Médecins du monde : une campagne censurée15/06/20162016Journal/medias/journalnumero/images/2016/06/2498.jpg.445x577_q85_box-0%2C104%2C1383%2C1896_crop_detail.jpg

Leur société

Médecins du monde : une campagne censurée

Lundi 13 juin, Médecins du monde aurait dû lancer une campagne d’affiches dans le métro et sur les abribus de Paris pour dénoncer le prix exorbitant de certains médicaments. Cela n’a pas été possible car aucun annonceur n’a accepté ces affiches, pour ne pas heurter les trusts pharmaceutiques.

Les dix affiches, aux messages percutants, dénoncent une situation scandaleuse. Les entreprises pharmaceutiques déterminent les prix de certains médicaments, en particulier ceux qui soignent les maladies graves, en fonction de la capacité des États à payer pour avoir accès au traitement. Le ­Sofosbuvir par exemple, qui est prescrit contre l’hépatite C, est vendu 41 000 euros en France. Il atteint 60 000 euros aux États-Unis, mais n’est facturé « que » 4 000 euros en Thaïlande et 700 euros en Égypte.

Cette pratique permet aux laboratoires pharmaceutiques de réaliser des marges gigantesques sur ces médicaments. Le Sofosbuvir est vendu 400 fois le prix de production. Comme il est écrit sur l’une des affiches, avec « un milliard d’euros de bénéfices, l’hépatite C, on en vit très bien ». Un autre médicament, le Keytruda, utilisé contre les cancers de la peau, pourrait générer 5 milliards de dollars de chiffre d’affaires pour le laboratoire Merck qui le commercialise.

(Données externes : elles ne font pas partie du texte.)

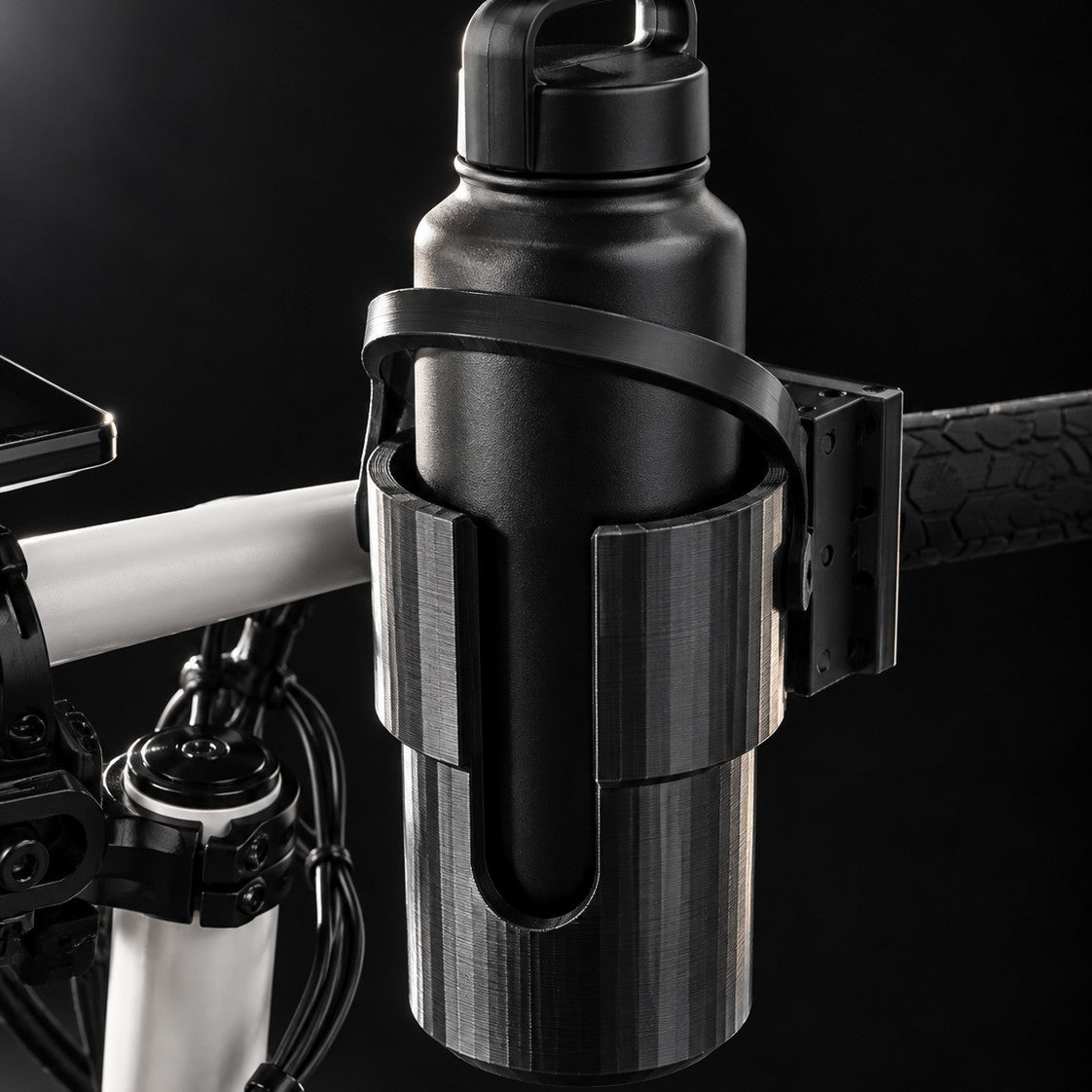 Holder with a water bottle clamped on the handlebar beside the grip
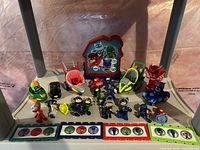 Shows a variety of PJ Mask toys arranged on a flat surface including figures, vehicles, and character tokens.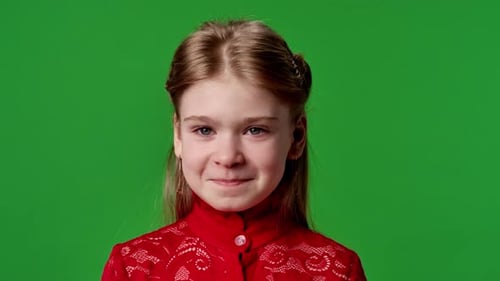 Smiling Little Girl Portrait on Green Background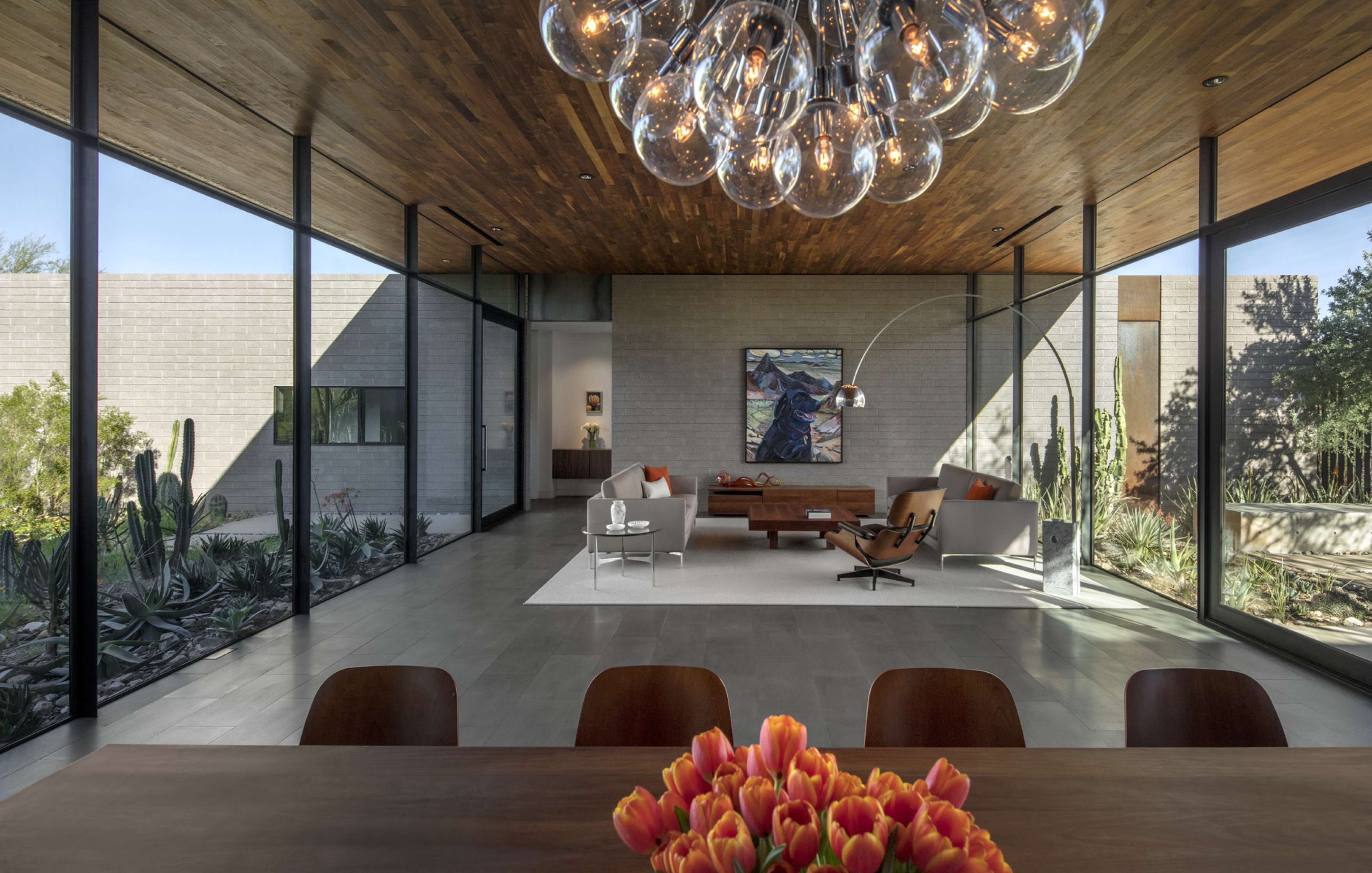 Modern living room with large windows, a wooden ceiling, and a chandelier. Furnishings include a sofa, armchairs, and a dining table with tulips. The room opens to an outdoor garden area.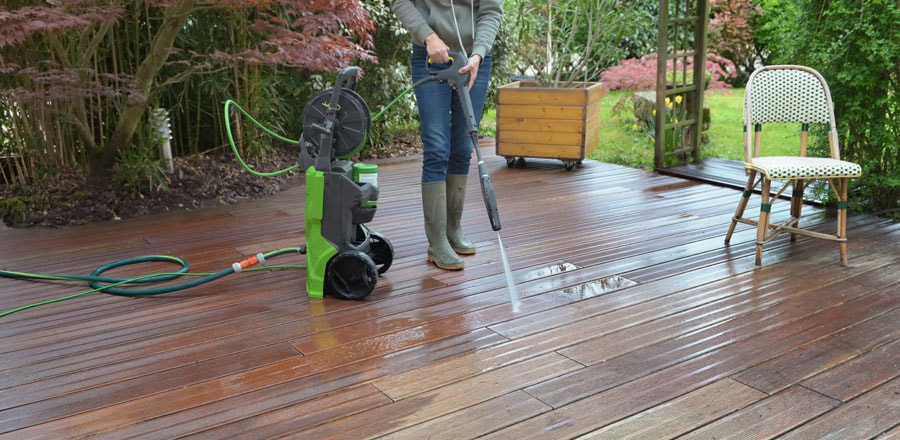 Man cleans his patio with an electric pressure washer.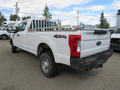 A 2017 Ford F-250 SD pickup truck with a white exterior and a flatbed featuring a metal frame for cargo transport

Les trusts pharmaceutiques ont eu le culot de se déclarer choqués par cette campagne, mais ils n’ont même pas eu besoin de faire pression pour obtenir qu’elle ne soit pas diffusée par les annonceurs publicitaires. Media transport, qui gère les publicités dans le métro parisien, l’a refusée, suivi par d’autres annonceurs comme JC Decaux ou Insert, spécialisés dans l’affichage urbain. Pour justifier leur refus, ils se sont appuyés sur l’avis défavorable de l’Autorité professionnelle de régulation de la publicité (ARPP), qui regroupe les professionnels du secteur. Celle-ci a invoqué hypocritement « la référence à des maladies graves » qui « pourrait être perçue comme choquante par le public », mais elle a ensuite donné la vraie raison : « le risque de réactions négatives que pourrait susciter l’axe de communication choisi, de la part de l’industrie pharmaceutique ».

Médecins du monde ne baisse pas les bras devant cette censure et a décidé, pour contourner le problème, de publier ses affiches dans les grands quotidiens nationaux et sur les réseaux sociaux. On verra si l’influence des trusts pharmaceutiques sera suffisante pour le lui interdire.